A: A firm can create value through several ways: 1) Innovation, by offering customers something more than competition to become the preferred supplier; Innovation can create new value, or provide more or better value to deliver what customers find compelling; 2) Acquisitions to grow the business inorganically; 3) Alliances and or joint ventures to achieve synergies.
Firms may destroy value: 1) Because of a lack of understanding of what drives value for customers; 2) Too much focus on the achievement of short term targets rather than on the long term; 3) For acquisitions, a lack of knowledge of how to integrate the acquisition
To help executives identify value drivers, they should: 1) Adopt the SWOT analytical tool to determine what creates and destroys value for the business; 2) Identify the key value drivers, distinguish between what is business related and internal, and market drivers which are external; 3) Establish performance indicators and responsibilities; 4) Measure performance periodically; 5) Review the validity of identified value drivers on a periodic basis
Q4: From a finance perspective, what marketing practices can be improved ?

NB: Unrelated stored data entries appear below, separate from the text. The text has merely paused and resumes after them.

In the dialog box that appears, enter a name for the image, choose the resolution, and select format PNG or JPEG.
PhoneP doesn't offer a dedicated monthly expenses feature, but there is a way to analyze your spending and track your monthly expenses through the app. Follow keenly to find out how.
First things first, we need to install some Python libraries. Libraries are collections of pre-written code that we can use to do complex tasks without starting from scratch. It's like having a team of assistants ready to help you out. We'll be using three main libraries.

A: 1) Focus should not only on the “top line” (revenue) but should also consider the recovery of the costs associated with producing and marketing the product; 2) Pricing of products should not only take into consideration the target market and what competition is offering, but also its impact on profitability (Should you sell a high volume of products at low price or a low volume of products at a high price to achieve profitable operations?); 3) Disregard the inventory conditions (or too much focus on fast selling products and disregarding slow moving and obsolete products which have carrying costs and therefore impact on the bottom line); 4) Target setting without consideration of historical performance and the availability of the resources to achieve the targets.

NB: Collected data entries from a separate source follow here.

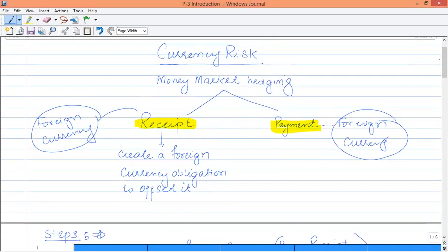Let's discuss the case of money market hedging for receipts. For example, if you are expecting a foreign currency receipt in three months' time, you have to balance it by creating a foreign currency obligation — borrow a foreign currency amount from a bank or elsewhere. The purpose of creating a foreign currency obligation is that when you get the receipt of foreign currency, you can pay off your liability through that receipt.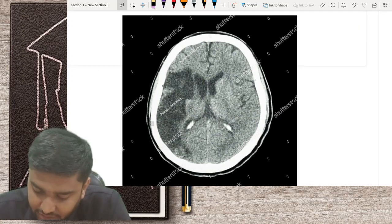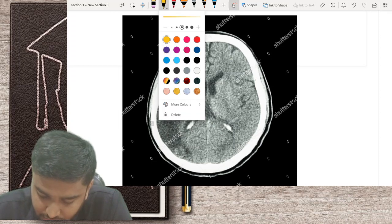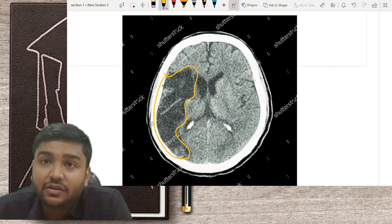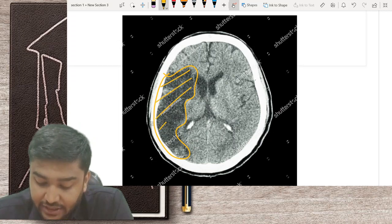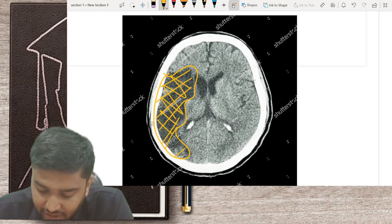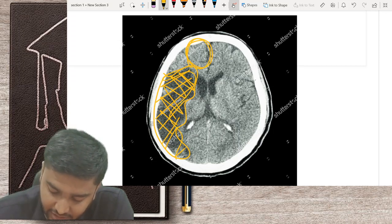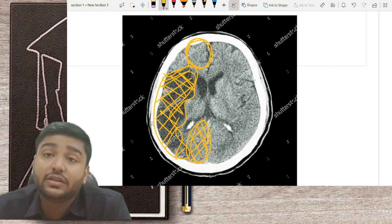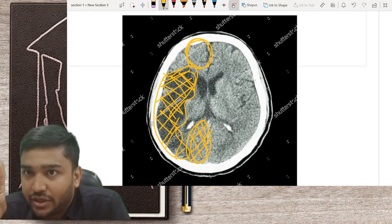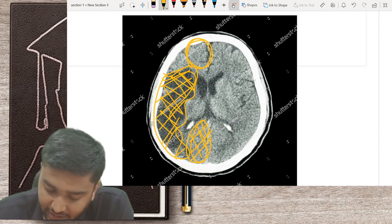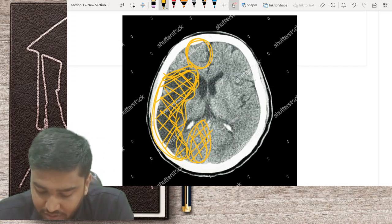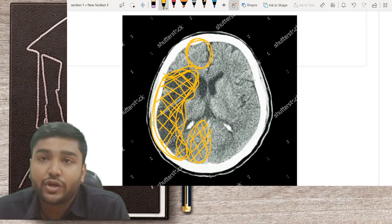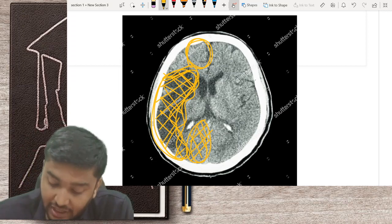As discussed earlier, anything which looks black on CT is either infarct or edema. Here you can see an MCA territory infarct. The ACA territory is here, MCA territory is here, and PCA territory is here. Infarct is always territorial — the blackening will be seen in a particular vascular territory. Because this is very black, it is a chronic infarct that occurred at least three or four months ago. The best modality to detect infarct is MRI, not CT, especially in emergency circumstances.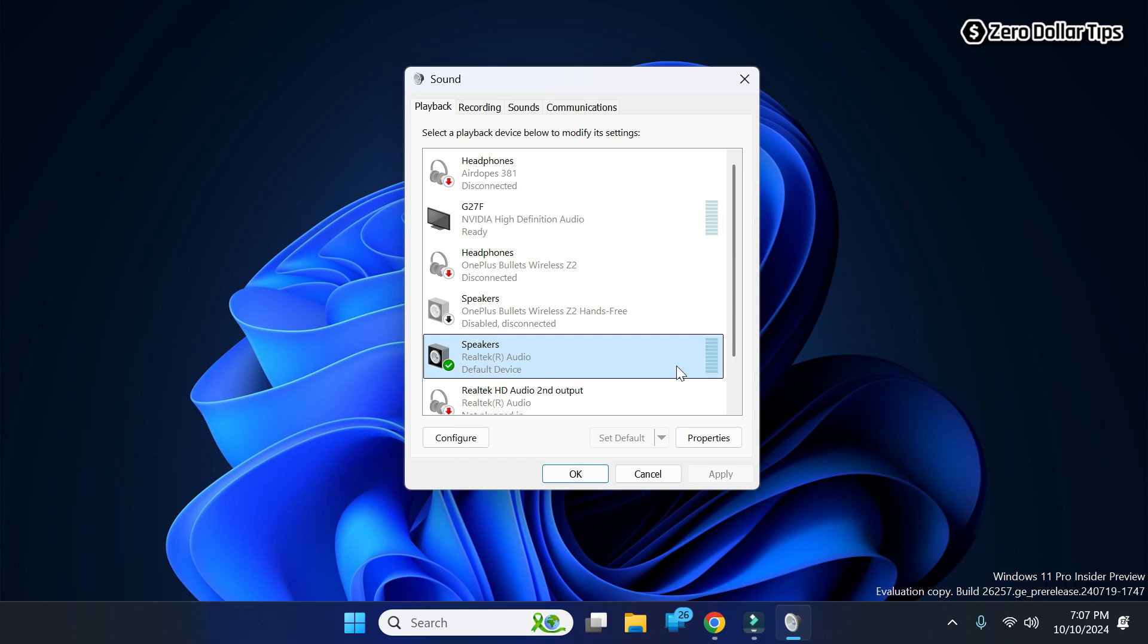So that's it guys, this is how you can easily open sound control panel in Windows 11. If you like this video, please subscribe to the channel.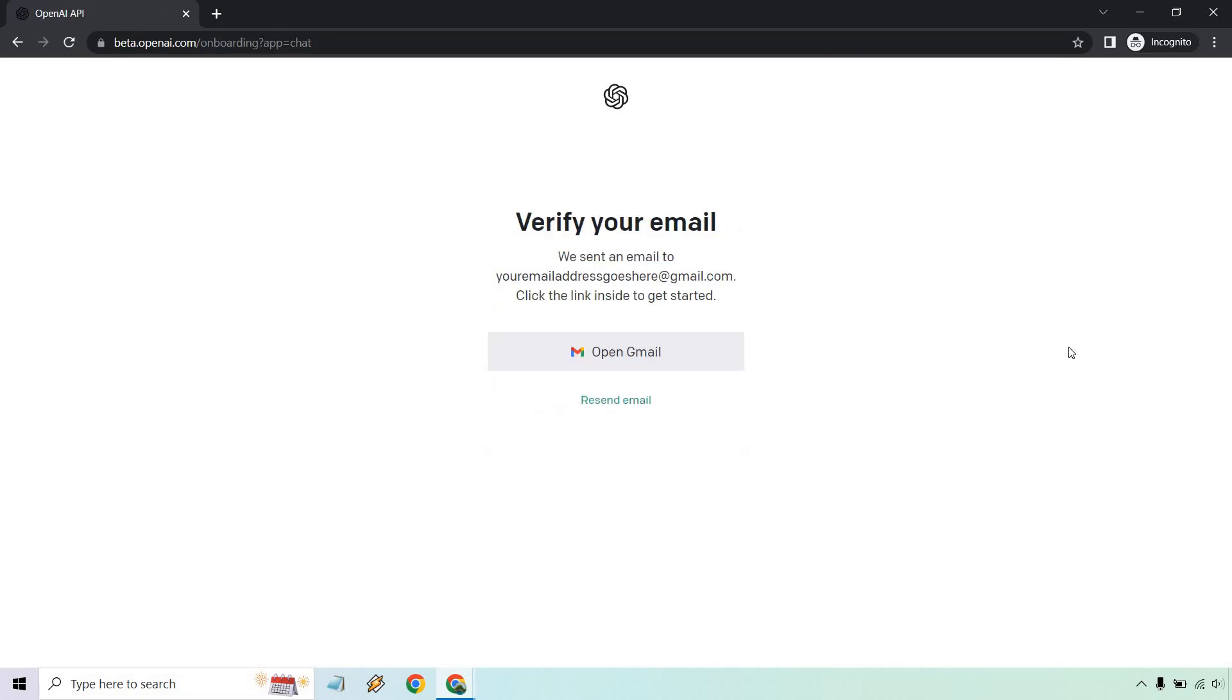Okay, and it says we've sent an email to wherever your email address is. Make sure you go there, click on the link to get started. And pretty much that's what you can do. I sent it to an email that I don't have, but overall they may or may not ask for your phone number to also confirm.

Q5: Why do you think business or marketing plans are rarely evaluated like how shareholders evaluate their investments?
A: Many shareholders adopt the view that the ultimate measure of a company’s success is the growth in shareholder value. The belief is that the goal of a company is to increase the wealth of shareholders, payout dividends, and increase the price of the stocks. Thus, for shareholders to appreciate the purpose of business and marketing plans, these should respond to questions such as: 1) Will the plan create value for the shareholders?; 2) Which business units create / destroy value?; 3) How would alternative strategies affect shareholder value?
Q6: There is a popular saying ‘What gets rewarded gets done’. Rewards can be designed incorrectly. When should reward be based on cash flow? When should it be based on economic profit? How can rewarding sales and shipments be destructive?
A: Rewards/ compensation based on cash flows are more appropriate for mature companies to ensure that bonuses are paid for the right reason. Traditional measures such as earnings per share, net income are easier to manipulate. However this would not be advisable for smaller companies who may tightly managing their cash flows to the detriment of their customers and suppliers. Like wise for startups, companies in an expansion mode, high growth companies who need cash/ capital to reinvest to sustain their long term growth.
Rewards based on economic profitability/ economic value added are more appropriate for businesses with autonomous business units who do not have one large organization structure where resources are shared, where the incentives are tied to the performance of the business unit, where there is a “buy in” from the CEO himself, and where business unit heads have a long term tenure and are motivated by long term incentives. A key feature of the applicability of this type of incentive package is the relative autonomy independence of the manager responsible for the business unit.
Rewards based on sales or shipments can be destructive since while its good to make a sale, it is also important to know when the sale will be collected or how long it will take to be converted to cash.